You lack introspection, Bob. You seem to accept your behavior as absolute and seem to believe everyone else should also. I do not accept your conduct as absolute.
I’m not sure if you are extremely troubled or self-centered. But I am certain you are extremely immature.
You don’t understand your role in the M and appear to want someone to discipline your W for misbehaving. This would account for multiple failed attempts at MC. You liked it when the one MC identified her with borderline personality but became agitated when the MC recanted and apologized for the misdiagnosis.
You refused to accept your W was not mentally ill. This is odd behavior. Most people would be relieved to learn their loved one had been misdiagnosed with a personality disorder. Who wants someone they love to have a personality disorder? Wouldn’t you prefer someone you love to..just… be…angry?
Is the emotion of anger so terrible that you prefer a personality disorder over it? If so, what does this say about you? Keep in mind…anger can always be resolved. I must go back to your childhood. Your behavior indicates an extremely dysfunctional upbringing. Even couples with terrible dynamics don’t wish personality disorders on each other.
You have done things to make your W justifiably angry. You do not seem to understand this. You have said her issue is abandonment. You also say she has deep religious convictions against D.

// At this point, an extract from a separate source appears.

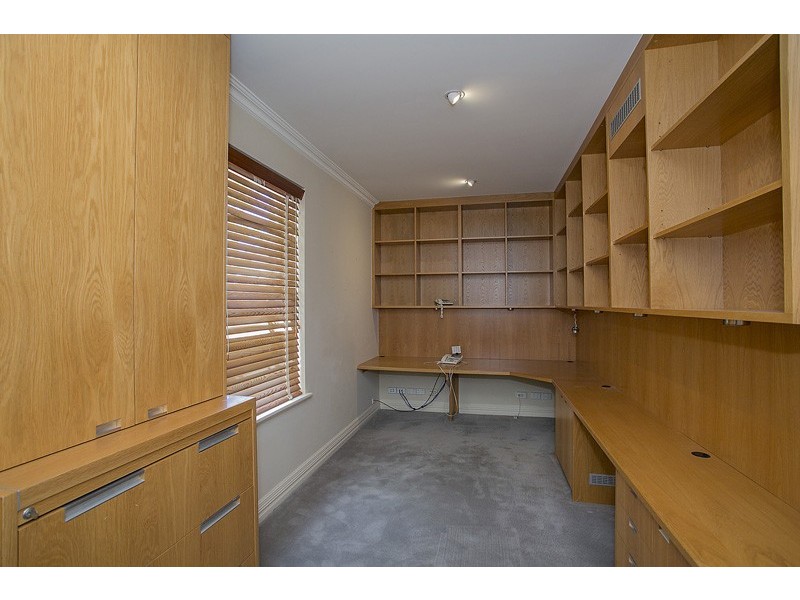 32 Riley Road, Claremont WA 6010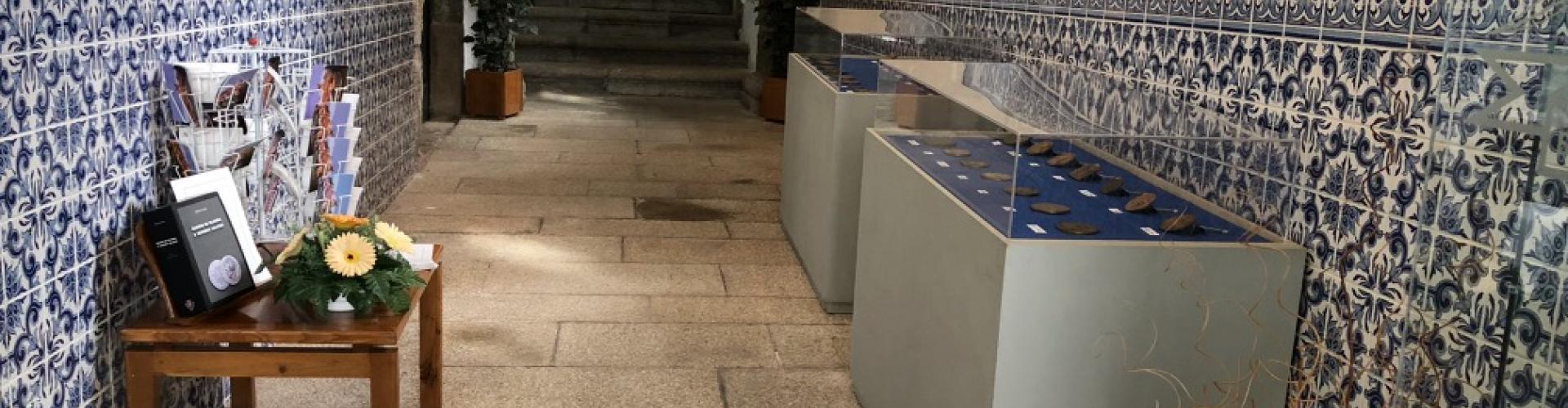 A Medalhística - Amplificação do conceito de Biblioteca - Zona de Exposição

In June 2013 you abandoned your M in an extremely cold and cruel manner. You emptied your arsenal on your W in a very short period of time.
You filed for D. You garnered support of friends and family behind her back. When you moved home you weren’t loving to her. Instead you forced her to sign a document agreeing to give you a D if she didn’t behave. You refused to make love to her. You refused to discuss the relationship with her. You refused to commit to the M.
I think her anger is completely normal under the circumstances. You engaged in very cruel behavior toward her. I would have been surprised if she wasn’t outraged by your behavior.